## DATA PROVIDED
BEGIN
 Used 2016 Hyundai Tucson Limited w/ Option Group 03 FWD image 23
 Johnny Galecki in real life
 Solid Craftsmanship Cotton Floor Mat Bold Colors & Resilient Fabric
END
## WHAT TO PRODUCE
Output the data exactly, so that every line matches the original.

## RESULT
 Used 2016 Hyundai Tucson Limited w/ Option Group 03 FWD image 23
 Johnny Galecki in real life
 Solid Craftsmanship Cotton Floor Mat Bold Colors & Resilient Fabric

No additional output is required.